Dalam RDPU tersebut, Inaca dan 10 maskapai penerbangan yang hadir menyampaikan berbagai permasalahan. Salah satu yang menjadi keluhan maskapai penerbangan, lanjut Yudi, adalah belum lengkap peraturan menteri sebagai penjabaran UU No.1 tahun 2009 tentang Penerbangan.
Selain itu, tambah politisi PKS daerah pemilihan Jawa Barat IV ini, regulasi yang ada juga belum seluruhnya memenuhi standar ICAO. Tak heran, bila penerbangan Indonesia masuk dalam kategori II. Hal ini juga yang menyebabkan terjadinya perbedaan persepsi antara operator dan regulator.
“Inaca dan maskapai umumnya mengeluhkan soal ketidakdisiplinan regulator dalam hal menjaga updating regulasi nasional terhadap perkembangan ICAO yang menjadi guide line dunia penerbangan. Sementara beberapa airline besar yang melakukan penerbangan intrnasional berusaha sepenuhnya mengikuti standar ICAO. Disini terjadi ketimpangan karena regulasi kita tidak siap. Terbukti dari hasil audit Universal Safety Oversight Audit Program (USOAP) dari International Civil Aviation Organization (ICAO) 2014, ada 8 poin (pokok-pokok) penting yang terkait dengan kemampuan dan peran pemerintah terhadap keselamatan penerbangan sipil, dan yang berada diurutan pertama adalah regulasi yang belum memenuhi standar ICAO,” jelas Yudi.

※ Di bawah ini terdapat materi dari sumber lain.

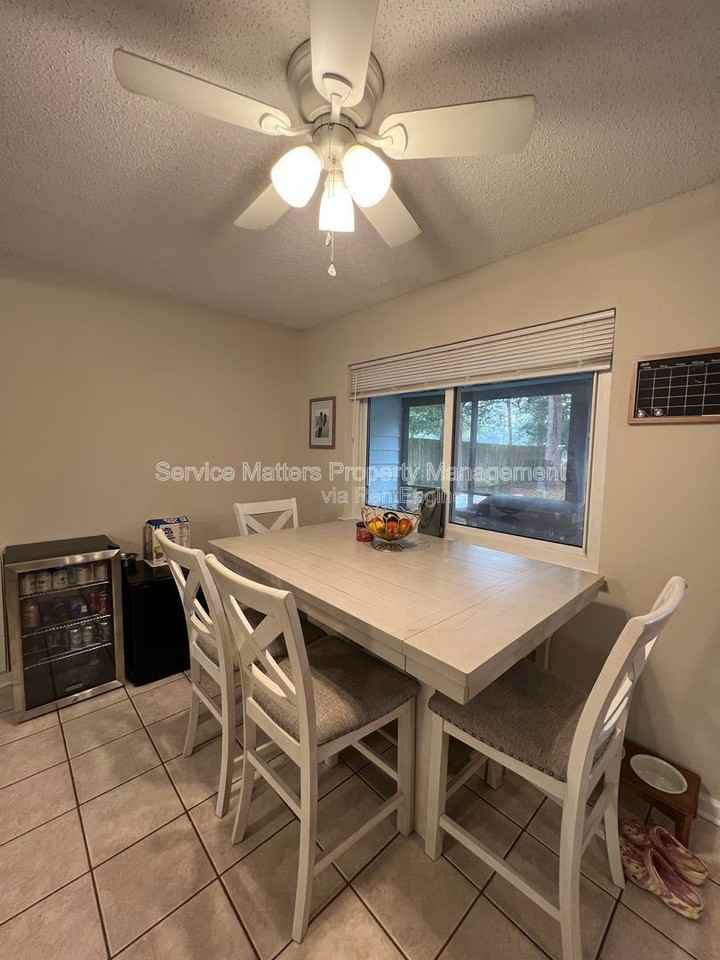 303 Newcastle Dr - Photo 6 of 21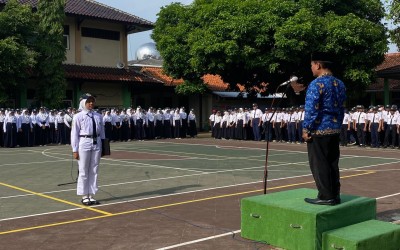 Khidmadnya Upacara Hari Kesaktian Pancasila di MTs Negeri 1 Pekalongan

Salah satu ketidakdisplinan regulator dalam menerapkan peraturan keselamatan penerbangan, kata Yudi, adalah soal sertifikat bandara yang belum sesuai dengan UU No.1 tahun 2009 dan ICAO doc 9774. Hal itu terbukti dengan kasus penyusupan Mario di ruang roda pesawat Garuda yang sempat menghebohkan dunia penerbangan nasional.
Disisi lain, kata Yudi, persoalan prasarana dan infrastruktur keamanan penerbangan di bandara yang belum memadai juga menjadi keluhan operator. “Mereka meminta agar prasarana penerbangan ditingkatkan karena penerbangan sipil berpotensi menjadi target ancaman,” ujar Yudi.